En cuanto al argumento de que las escuelas sean distintas de acuerdo a las distintas opciones ideológicas o morales de las familias, esto tampoco resulta admisible. La pluralidad, sin nada que la contenga o unifique, diluye a la comunidad. Y ese papel de contención y unidad es el que, entre otros, cumple la escuela. No se trata de que haya tantos colegios como opciones ideológicas, sino de que todas las opciones puedan convivir en el mismo colegio. Todas y cada una de las escuelas, en un sistema política y socialmente plural como es el nuestro, tendrían que ofrecer a los futuros ciudadanos la mayor pluralidad ideológica posible – junto a la mayor formación crítica para que el alumno discierna sabiamente (de ahí el papel central de materias, tan torpemente denostadas hoy, como la filosofía) –. Esta exigencia de pluralidad incluye, por supuesto, y mal que les pese a muchos, a la religión. La formación religiosa ha de estar presente en la escuela pública, como una opción, entre mil más, para que el alumno, si quiere, la escoja. Esto dejaría, por cierto, sin argumentos al que defiende la concertada como la única manera de asegurar una determinada formación religiosa para sus hijos.

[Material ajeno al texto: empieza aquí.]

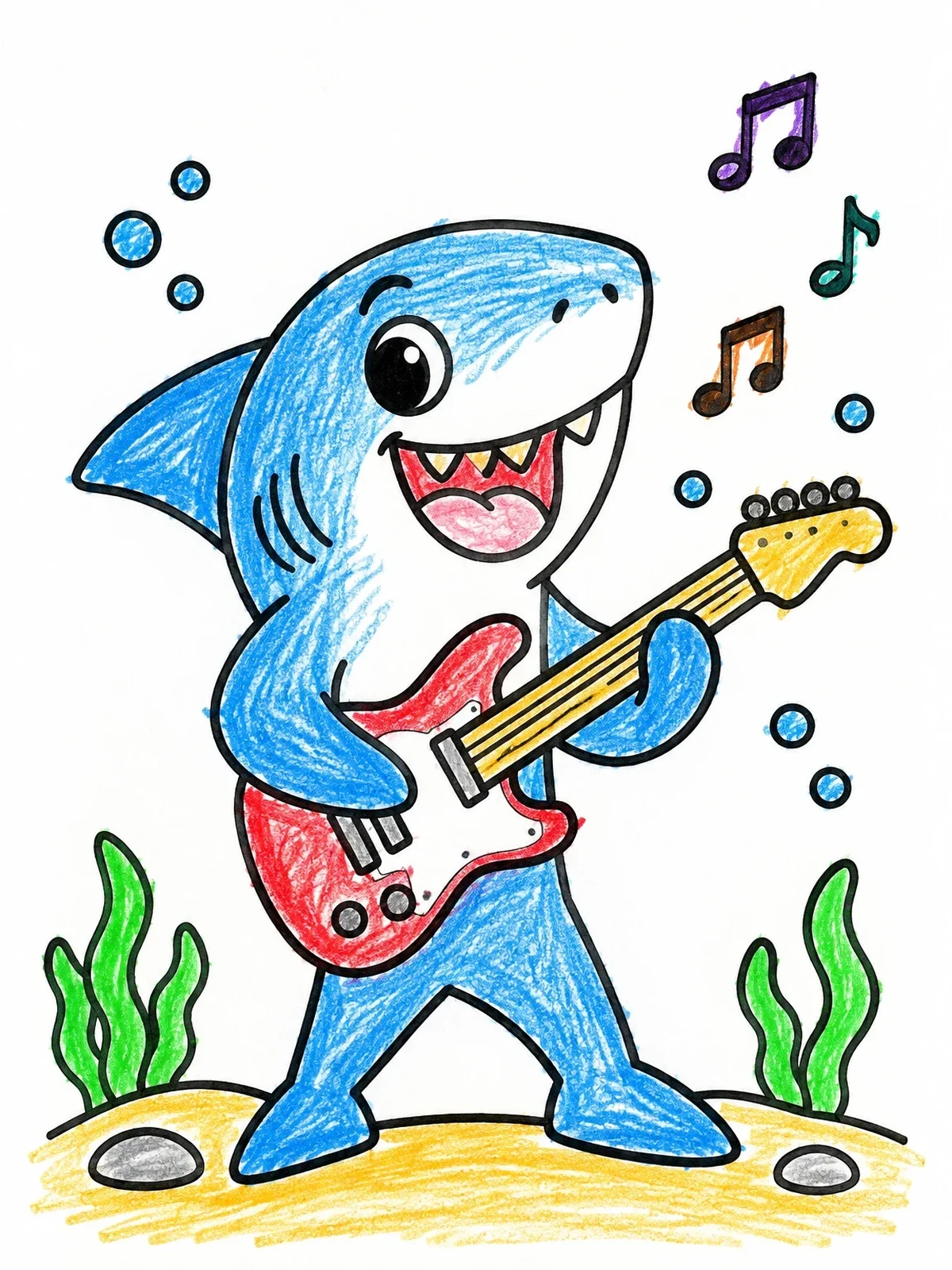 Colored example of the Rockstar Shark Playing Electric Guitar coloring page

Porque lo que más importa en educación no es la redicha libertad de los padres (que sean carcas, creyentes, progres, ateos, o lo que quieran ser), sino la libertad de los hijos. La libertad en el sentido que decíamos antes: el de poder argumentar nuestras decisiones (es decir, el de hacernos dueños de las ideas que nos mueven a actuar en un sentido u otro). Una escuela para la libertad exige, así, dos, y solo dos condiciones fundamentales: la mayor pluralidad (de enfoques, materias, competencias, valores, etc.) y, a la vez, la mayor competencia crítica y racional posible, de manera que el alumno aprenda a elegir y a construir su propias ideas, conocimientos, juicios y actitudes de manera consciente, reflexiva y en un diálogo argumentativo con los demás.
Si queremos defender de verdad a la escuela pública debemos, pues, exigir y contribuir a crear una educación de tanta calidad, pluralidad y rigor en la formación de personas y ciudadanos libres y autónomos que ninguna familia (más allá de una necesidad perentoria) tenga argumentos para elegir una escuela concertada. Solo entonces podremos, legítimamente, deshacernos de los conciertos. Eliminarlos o prohibirlos a golpe de decreto sería, en cambio, un abuso inadmisible del Estado.